Task objective: Your task is to retype, word for word, the lines from the start of the data through the line holding "Manžetové knoflíčky Tateossian". Do not include the pictures.
#### Data section ####
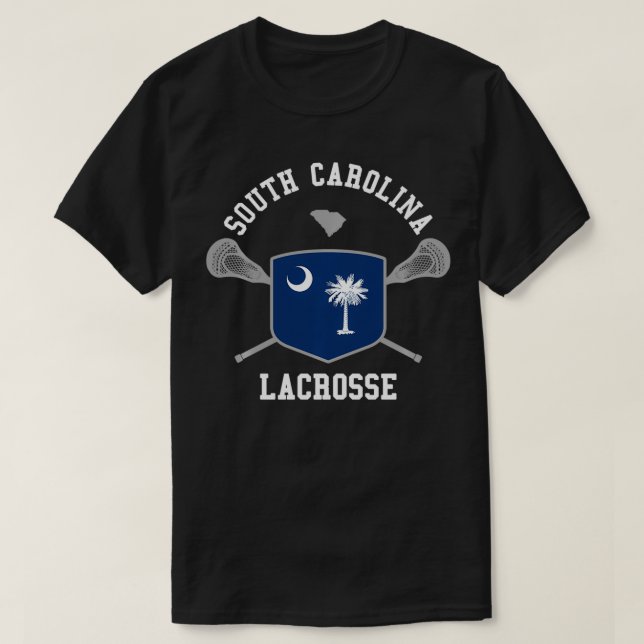 South Carolina Lacrosse Pullover T Shirt (Design framsida)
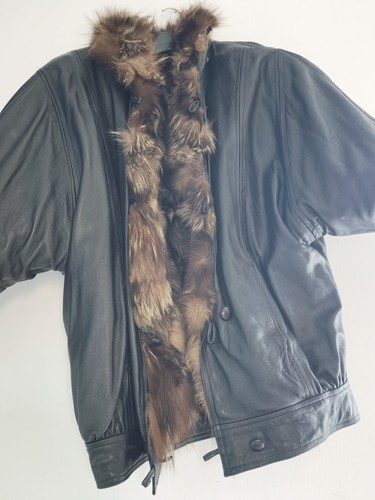 Cappotto pelle vera e - cappotto, in
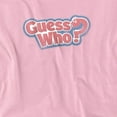 thumbnail image 2 of Guess Who Guess Who Distressed Logo Women's T Shirt, Pink, X-Large, 2 of 6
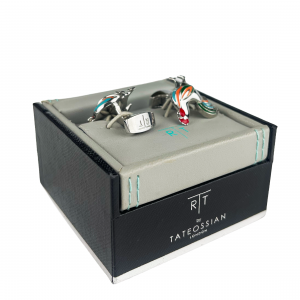 Manžetové knoflíčky Tateossian Kohout – Rhodium & Enamel
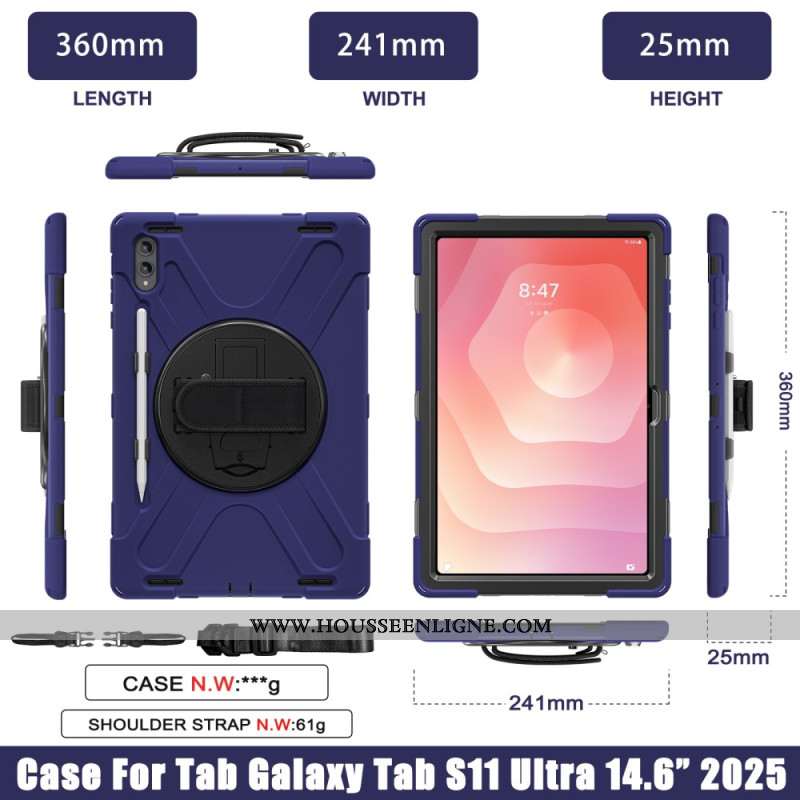Coque Samsung Galaxy Tab S11 Ultra Multifonctionnelle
####
Output for this task:
 South Carolina Lacrosse Pullover T Shirt (Design framsida)
 Cappotto pelle vera e - cappotto, in
 thumbnail image 2 of Guess Who Guess Who Distressed Logo Women's T Shirt, Pink, X-Large, 2 of 6
 Manžetové knoflíčky Tateossian Kohout – Rhodium & Enamel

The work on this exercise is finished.